OK, I've spent most of the day making my poor iBook compile kernels and I've tracked down the error. I can't seem to figure out why it would happen on my machine and no one elses, at least unless it's a compiler issue (I am using gcc 3.2.2).


Somewhere between 2.6.8-rc1 and 2.6.8-rc2 interrupts just stop getting delivered.

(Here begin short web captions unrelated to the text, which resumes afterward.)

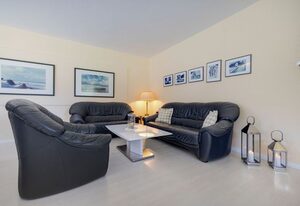 Henning – Reihenendhaus mit ca. 120 m², bietet zwei bis sechs Personen Platz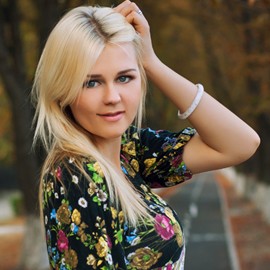 Pretty woman Irina, 31 yrs.old from Poltava, Ukraine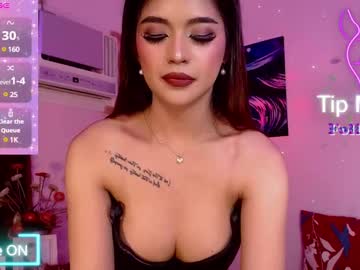 Hollydickxxx Chaturbate stream image from July 12, 2025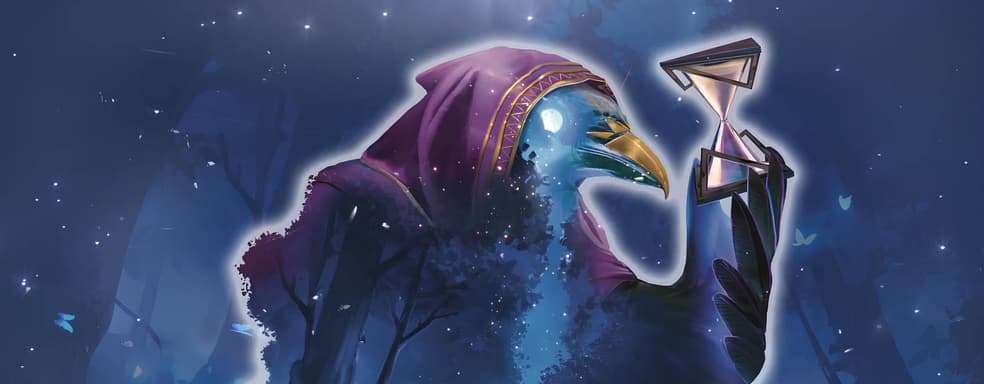 Битва за неиссякаемые источники энергии: настольную игру «Эхо времени» выпустят в России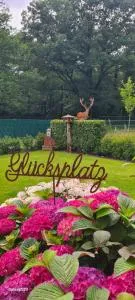 Hirschblick - Overdinkel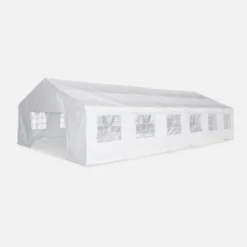 sweeek Tenda da ricevimento 6x12m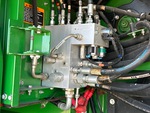 Hydraulics with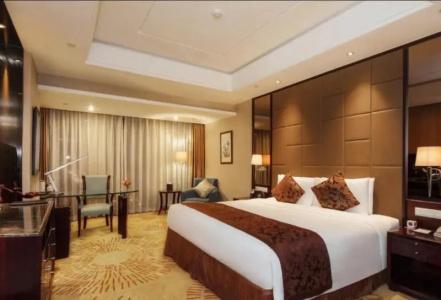 Grand Metropark Yuantong Beijing - 24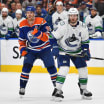 PREVIEW: Oilers vs. Canucks (Game 4) 05.14.24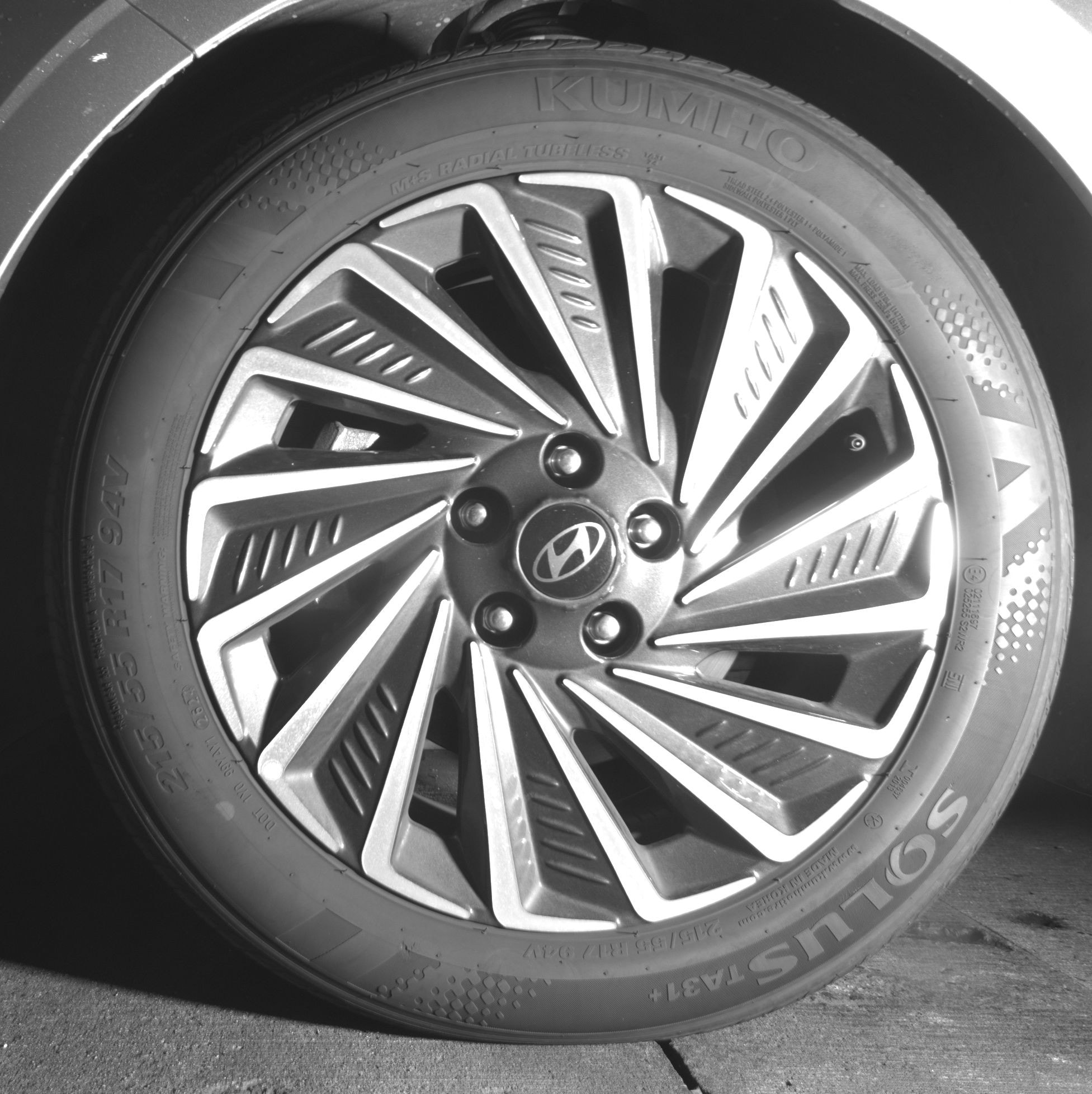 Thumbnail: 2025 Hyundai Sonata - 9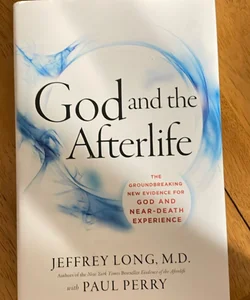 God and the Afterlife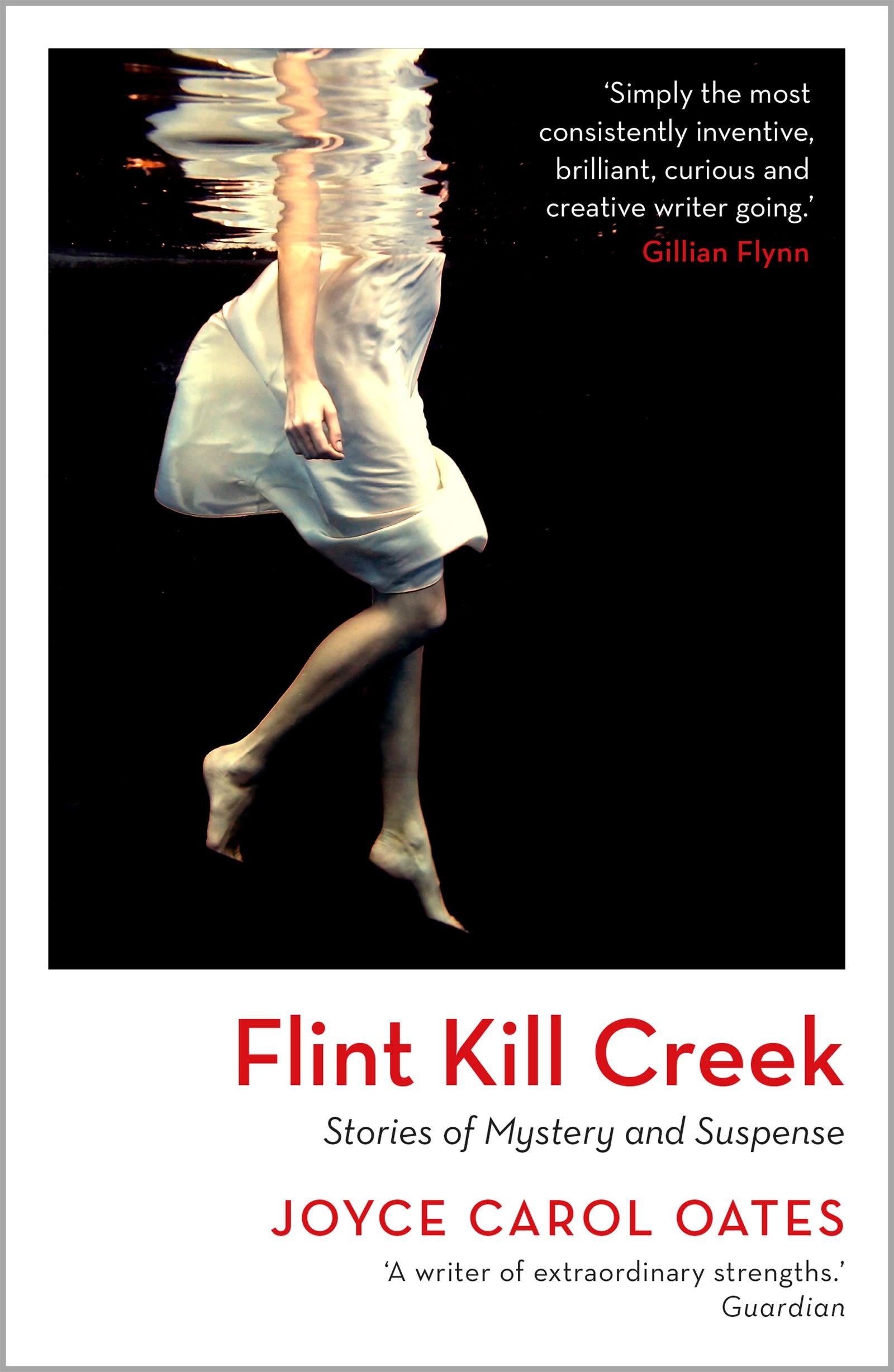 Cover: 9781035909940 | Flint Kill Creek | Joyce Carol Oates | Buch | Englisch | 2024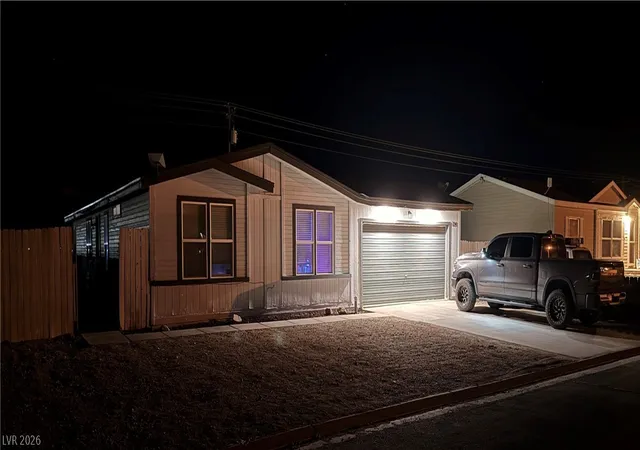27th image of 734 N 104th St, Ely, NV 89301 | MLS# 2772588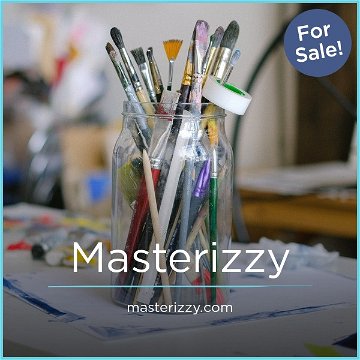 Masterizzy.com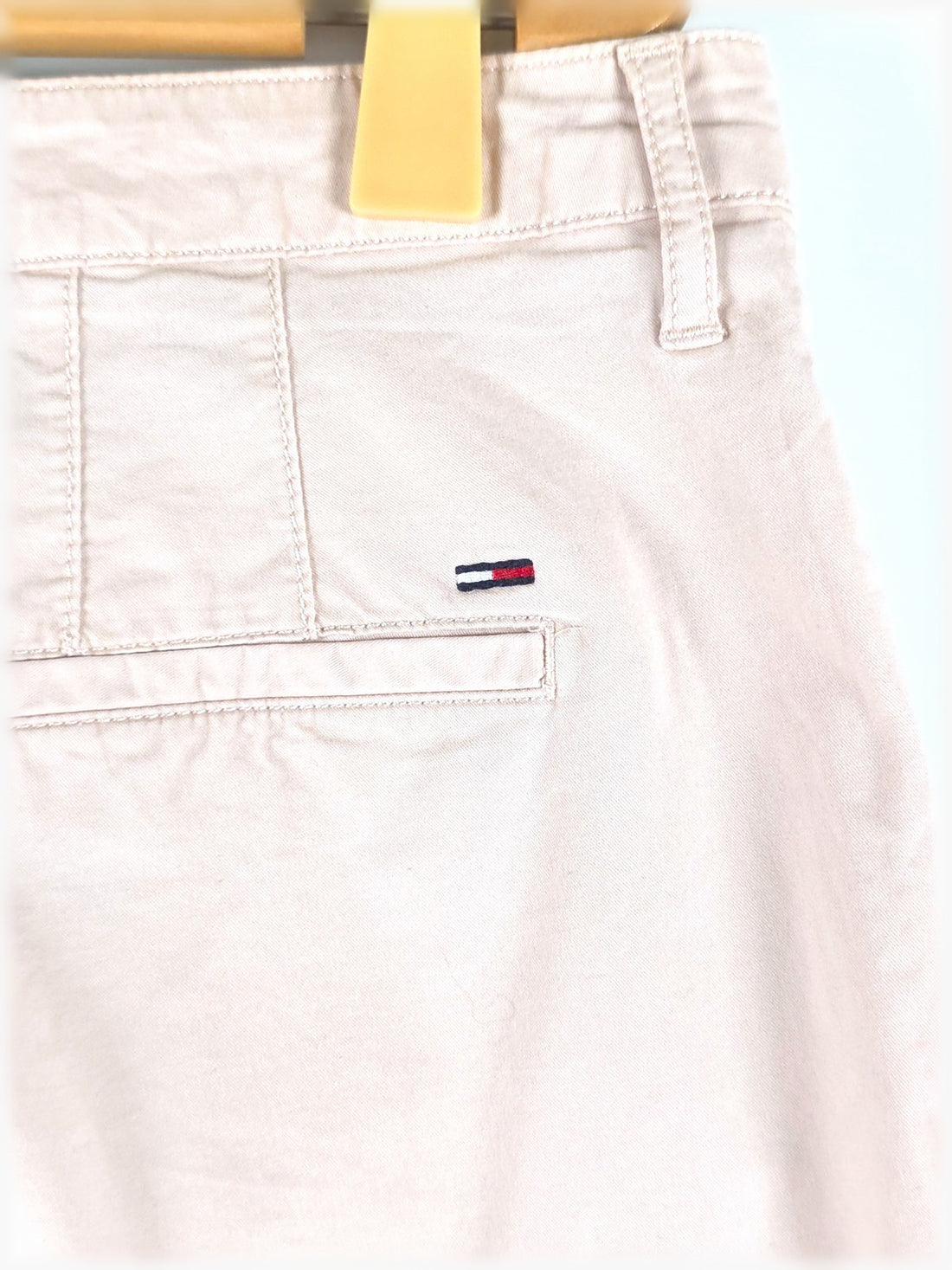 Pantaloni corti Tommy Hilfiger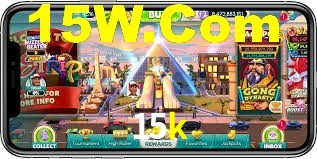 VIP Casino 15k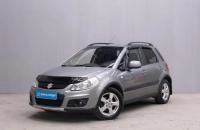 Suzuki SX4 2 из 18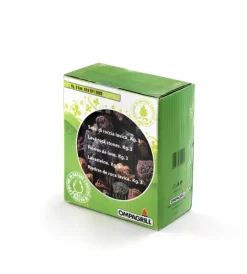 Ompagrill Barbecue|Roccia lavica in sassi per barbecue 3 kg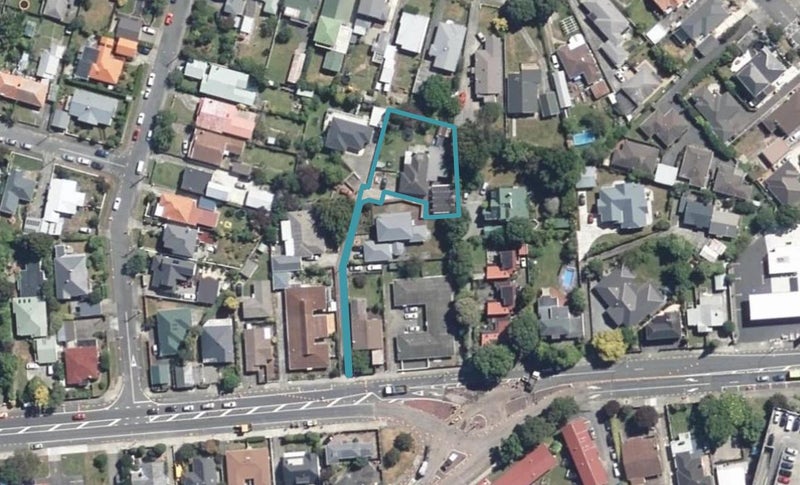 631 High Street, Boulcott, Lower Hutt - Carousel 1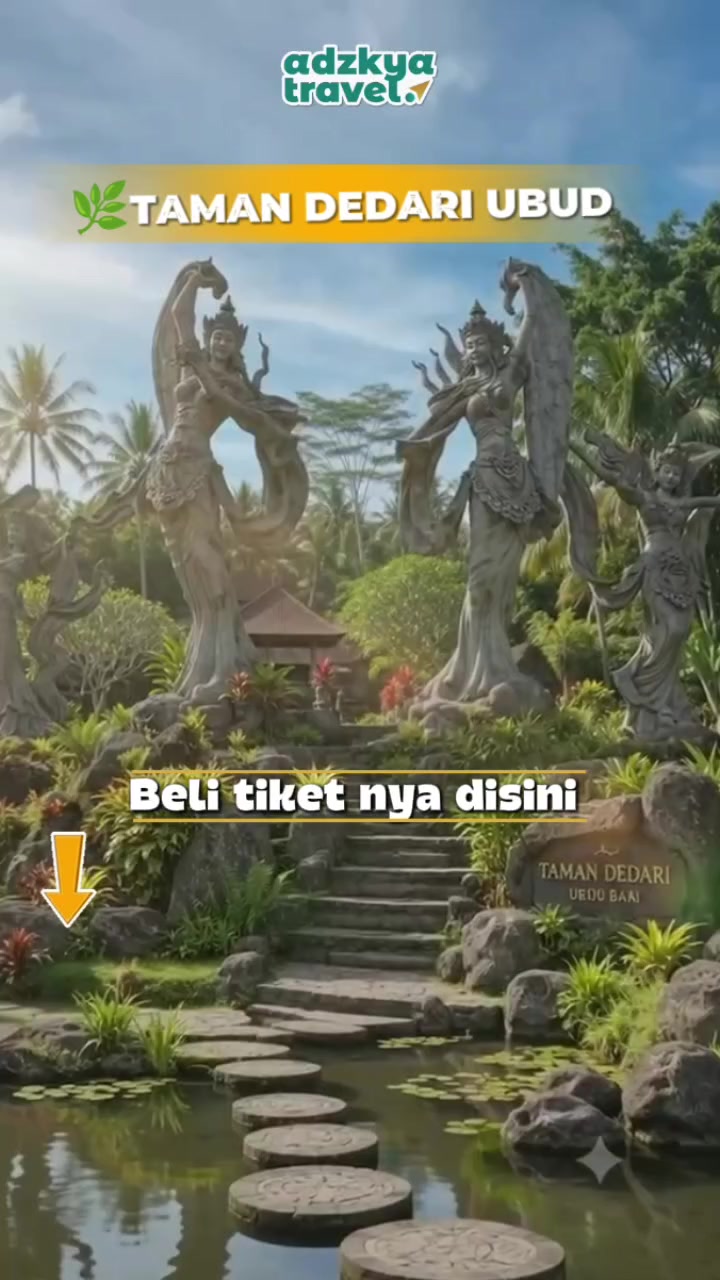 @ADZKYA TRAVEL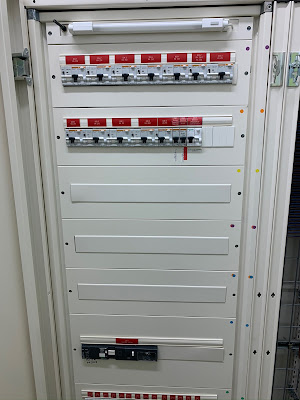 MURAT'Elec à Fonsorbes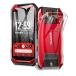 TORQUE G04 KYV46 �\�t�g�P�[�X TPU�ی�P�[�X �J�o�[ �ϏՌ� �N���A�P�[�X �X�}�[�g�t�H���P�[�X TPU�P�[�X  �����h�~ au Kyocera KYV46 �֘A�摜1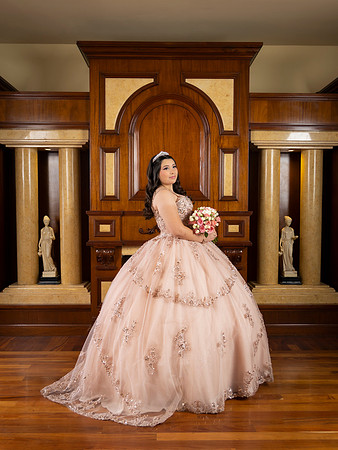#12561 JESSICA RIVERA - 9400
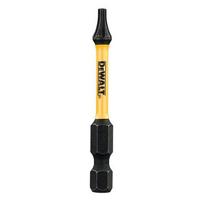 DEWALT SMŪGINIS ANTGALIS T30x50 /5vnt. EXTREME IMPACT TORSION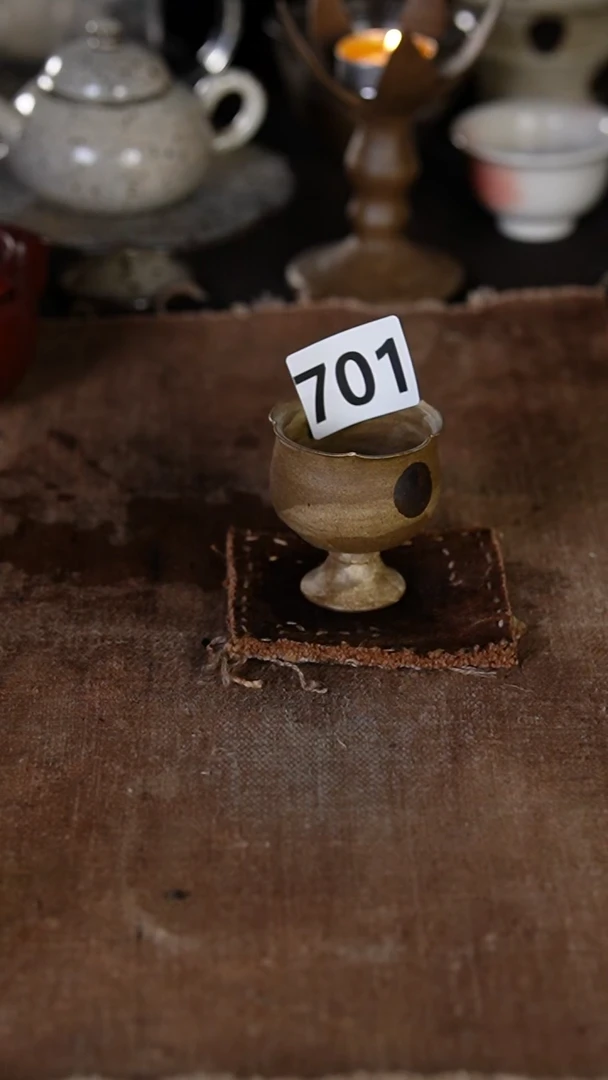 701景德镇{立梦陶}手作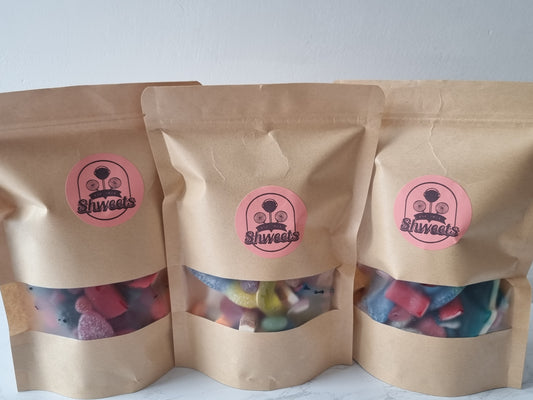 Create Your own 500g Pick & Mix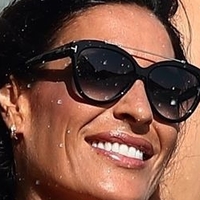 Veronica Hidalgo Naakt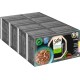 SHEBA Nature's Collection Wet Food Bowl for Cats, in Sauce with Chicken, 2 x 11 x 85 g SHEBA Nature's Collection Wet Food Bowl for Cats, in Sauce with Chicken, 2 x 11 x 85 g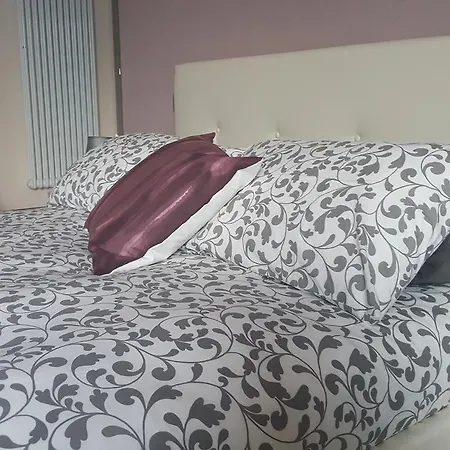Frühstückspension Cuorematto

I tracked it down to this patch to linux/arch/ppc/syslib/open_pic.c :

/*
* Map an interrupt source to one or more CPUs
*/
-static void openpic_mapirq(u_int irq, u_int physmask, u_int keepmask)
+static void openpic_mapirq(u_int irq, cpumask_t physmask, cpumask_t keepmask)
{
if (ISR[irq] == 0)
return;
- if (keepmask != 0)
- physmask |= openpic_read(&ISR[irq]->Destination) & keepmask;
- openpic_write(&ISR[irq]->Destination, physmask);
+ if (!cpus_empty(keepmask)) {
+ cpumask_t irqdest = { .bits[0] = openpic_read(&ISR[irq]->Destination) };
+ cpus_and(irqdest, irqdest, keepmask);
+ cpus_or(physmask, physmask, irqdest);
+ }
+ openpic_write(&ISR[irq]->Destination, cpus_addr(physmask)[0]);
}


And this one:
-               openpic_mapirq(i, 1<<0, 0);
+               openpic_mapirq(i, CPU_MASK_CPU0, CPU_MASK_NONE);


Using printk's, I can see before the change I properly was writing "1" as the second argument to openpic_write, but afterwards it was 0.


It seems as though for some reason CPU_MASK_CPU0 is 0 on my kernel, rather than just a 1.

By patching the kernel to force it to write a 1 in openpic_write the kernel runs fine...

So, any ideas?  I'll be glad to try out anything else if you'd like me to.